Listening to these songs, I remember Alice. I first met Alice when working at a record store on Nolensville Road in the early '90s. She would stop in a few times a week and make my life a bit more interesting. The best we at the store could figure was that she was homeless and not a recipient of much love in the world. Maybe she had a place to sleep, but I imagined that she made use of her days just walking up and down the streets, stopping into various stores and interacting with people in the only way she knew how. There were times when we would have to ask her to leave our shop. Alice would ask questions of us that didn't seem to have any relevance to anything at all, and sometimes she would take quite an acerbic tone and go into a tempered rage.

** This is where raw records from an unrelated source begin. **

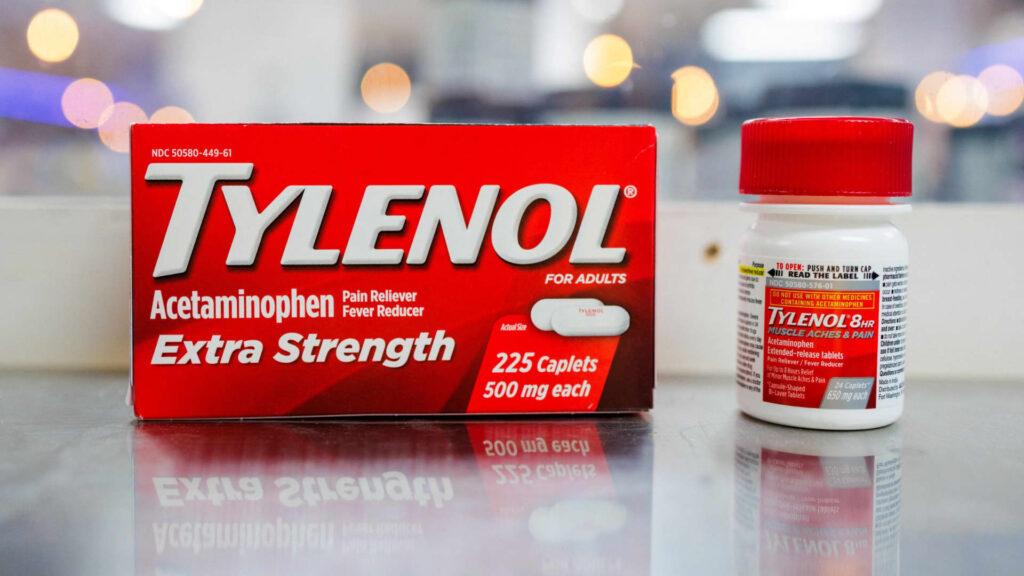 Stocks making the biggest moves pre-market: IREN, KVUE, CIFR, NGD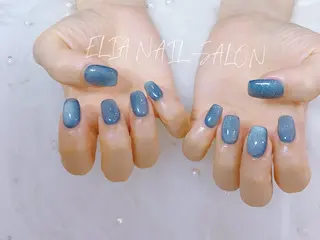 ネイル cici nailのネイルデザイン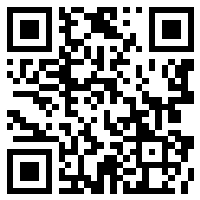 QR Code for dash:Xtp87Ec3WcsgaJRLcCDqE8YzvrujRawSrW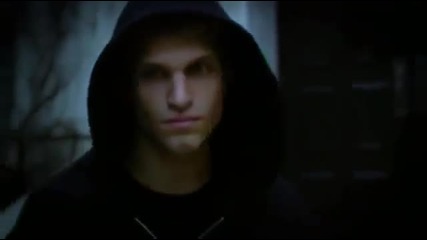 Pretty Little Liars 3x14 Promo - Shes Better Now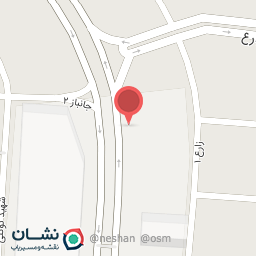 عکس شعبه خسارات بیمه تعاون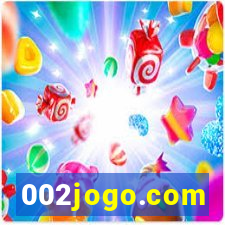 002jogo.com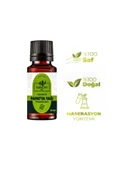 HARMONYPLUS Papatya Yağı 20 ml (chamomile oil) - 1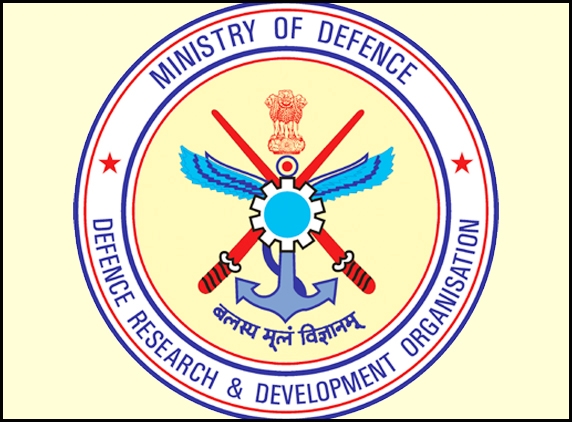 JOBS: 899 vacancies in DRDO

While we knew that we liked her and were curious about her state in life, we would at those times have to ask her to leave if there were customers about. Alice would just mumble something about how we were no good and leave for the day. But she always came back and we were cautiously happy to see her when she did.
Some years later, I read a heartwarming scenarios in the paper around Christmastime about a woman who had wandered into some Nashville bank and stated that she had some money being held for her. The loan officer she spoke with, who might normally might have just blown her off, felt some compassion for this woman who did seem disheveled and mentally hurt, and did some digging around.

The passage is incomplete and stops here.